Get the equation of a plane I need to get the equation of a plane in space. I didn't know how to do this so I looked it up and came across this:

Points: A(1,0,1) B(2,2,0) and C(3,1,4)
Direction: AB:(1,2,-1) and BC:(2,1,3)
/ x = 1 + r.1   + s.2
| y = 0 + r.2   + s.1
\ z = 1 + r.(-1)+ s.3

This far I understand everything, but I don't understand how to solve the following equation and how the author set up this equation:

|x-1    y       z-1 |
| 1     2        -1 |  =  0  <=> 7x - 5y - 3z - 4 = 0
| 2     1        3  |

Could anyone tell me how the author solved that?

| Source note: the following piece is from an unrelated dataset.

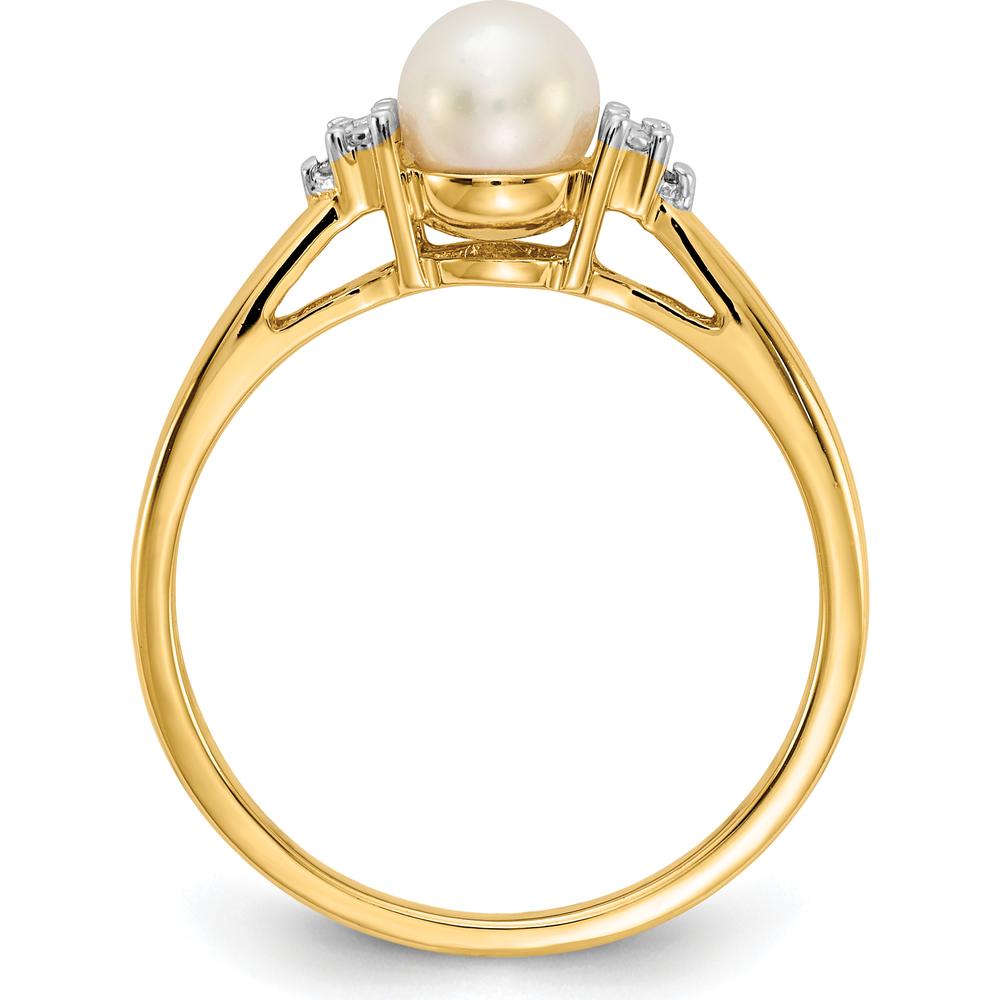 14K Yellow Gold Freshwater Cultured Pearl Ring with Round Diamonds - 0.01 Carat Diamond Total Weight by Monteluci Fine Jewelry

 A: The determinant of a $3\times 3$ matrix tells you the volume of the corresponding parallelepiped formed by the three row vectors.

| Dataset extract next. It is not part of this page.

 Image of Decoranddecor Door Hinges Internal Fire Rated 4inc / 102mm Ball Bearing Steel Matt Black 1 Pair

You can imagine a plane spanned by two vectors as being the set of vectors which form a volume $0$ solid. 
We have the two direction vectors relative to $A$ and so a vector $(x,y,z)$ will lie in the plane if and only if the volume formed by $(x-1,y,z-1), (1,2,-1), (2,1,3)$ is $0$.
Computing the determinant gives the answer you gave above.

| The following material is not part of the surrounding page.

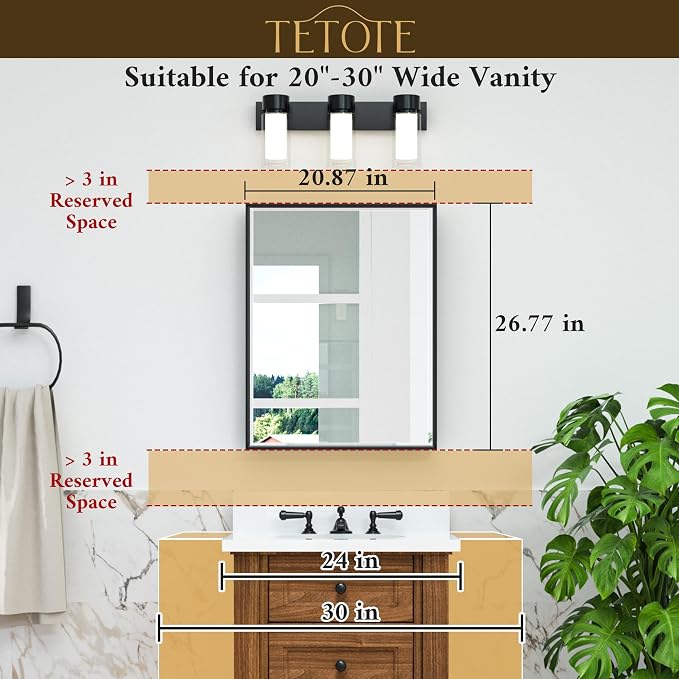 TETOTE Medicine Cabinet Mirror White Framed 21 x 27 Inch Aluminum Framed - Image 3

A: The vector equation of a plane is $n\cdot (X - a) = 0$  where $n$ is a vector normal to the plane, $a$ is any point on the plane and $X$ is the general point on the plane, the point such that the equation holds if and only if $X$ is on the plane.  If you find a normal and point on the plane and expand that dot product your equation will be of the form $ax + by + cz = d$ where $a,b,c,d$ are real numbers and $(x,y,z) = X$.  To see this, dot product distributes over vector addition, so:
$$
n \cdot (X - a) = n\cdot X - n\cdot a = \\
n\cdot (x, y, z) - n\cdot a = 0
$$
So in the standard form $ax + by + cz = d$, $(a,b,c) = n$ and $d = n\cdot a$.  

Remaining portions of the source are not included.